Published online by Cambridge University Press: 10 February 2023
This essay analyzes Kafka’s letter in modern Hebrew to his teacher Puah Ben-Tovim, who grew up near Eliezer Ben-Yehuda in Jerusalem. The letter suggests how Hebrew’s re-emergence from a hidden vaudeville of sources finds humorous reflection in Kafka’s late prose, especially The Castle. Kafka’s covert survey of modern Hebrew and its “assistant” languages, in turn, suggests a permeable boundary between German and Jewish writing: a concept of national identity that requires both a messianic and a humorous recovery of the past.
In 1923, Franz Kafka wrote a fluent letter in Hebrew to Puah Ben-Tovim, his Hebrew teacher from Palestine who had been born in Jerusalem, a letter in which the transnational traces of the modern Hebrew renaissance are inscribed. Ben-Tovim had grown up in the same Jerusalem neighborhood as Eliezer Ben-Yehuda, the “father of modern Hebrew,” giving Kafka a kind of direct line to the rebirth of modern Hebrew, and to a hidden comedy in the formation of the new national language as well. As a flagship for the national project, Ben-Yehuda’s newspaper and his allied dictionary aimed to create “as pure a Hebrew as possible,” and return the Jewish people to its ancestral linguistic roots. At the same time, Puah Ben-Tovim’s childhood neighbor spent much of his time importing foreign words into modern Hebrew via the process of loan translation to fill in lexical gaps, producing new “Hebrew words on the basis of European languages, in particular, on the basis of Latin and Greek words found in the Mishna and the Talmud” as well.
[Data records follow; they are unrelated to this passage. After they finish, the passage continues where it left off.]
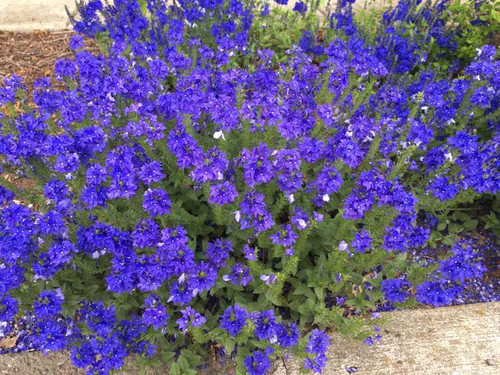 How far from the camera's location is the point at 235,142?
12.5 ft

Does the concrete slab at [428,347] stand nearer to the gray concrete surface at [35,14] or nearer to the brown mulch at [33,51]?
the gray concrete surface at [35,14]

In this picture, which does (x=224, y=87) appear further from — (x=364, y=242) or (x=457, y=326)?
(x=457, y=326)

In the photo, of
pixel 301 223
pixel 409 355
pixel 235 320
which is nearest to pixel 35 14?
pixel 301 223

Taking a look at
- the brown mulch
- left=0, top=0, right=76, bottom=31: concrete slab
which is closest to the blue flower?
the brown mulch

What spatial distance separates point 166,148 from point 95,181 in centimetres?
81

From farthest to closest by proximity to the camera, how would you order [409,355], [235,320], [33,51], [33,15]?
[33,15] → [33,51] → [409,355] → [235,320]

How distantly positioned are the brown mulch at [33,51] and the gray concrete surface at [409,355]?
443 centimetres

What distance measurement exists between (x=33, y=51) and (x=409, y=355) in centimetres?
702

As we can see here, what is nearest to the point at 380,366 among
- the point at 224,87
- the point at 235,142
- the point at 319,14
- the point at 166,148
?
the point at 235,142

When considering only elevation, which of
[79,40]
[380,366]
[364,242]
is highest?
[79,40]

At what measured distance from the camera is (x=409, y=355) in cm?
348

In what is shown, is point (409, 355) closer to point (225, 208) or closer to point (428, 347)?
point (428, 347)

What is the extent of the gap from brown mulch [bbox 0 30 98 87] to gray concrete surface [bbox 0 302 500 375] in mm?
4435

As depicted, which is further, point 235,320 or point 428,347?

As the imagery of Kafka’s The Castle suggests, a kind of endless linguistic survey overtook Ben-Yehuda, one that the surveyor’s assistants in the novel bring into comic focus for its catch-22: the same “assistant” languages required to achieve this messianic task made it impossible for Ben-Yehuda to draw a straight line between “national” and foreign sources of the renascent Hebrew tongue, especially since this transnational contact had been underway since ancient times. In this essay, I will be looking at Kafka’s modern Hebrew letter to Puah Ben-Tovim with this linguistic history in mind. I will be arguing that modern Hebrew’s emergence from a hidden vaudeville of national sources finds a humorous reflection in Kafka’s late German prose: a process which, in turn, reflects the hidden openness of standard languages, and the permeable boundaries of German and Jewish writing as well.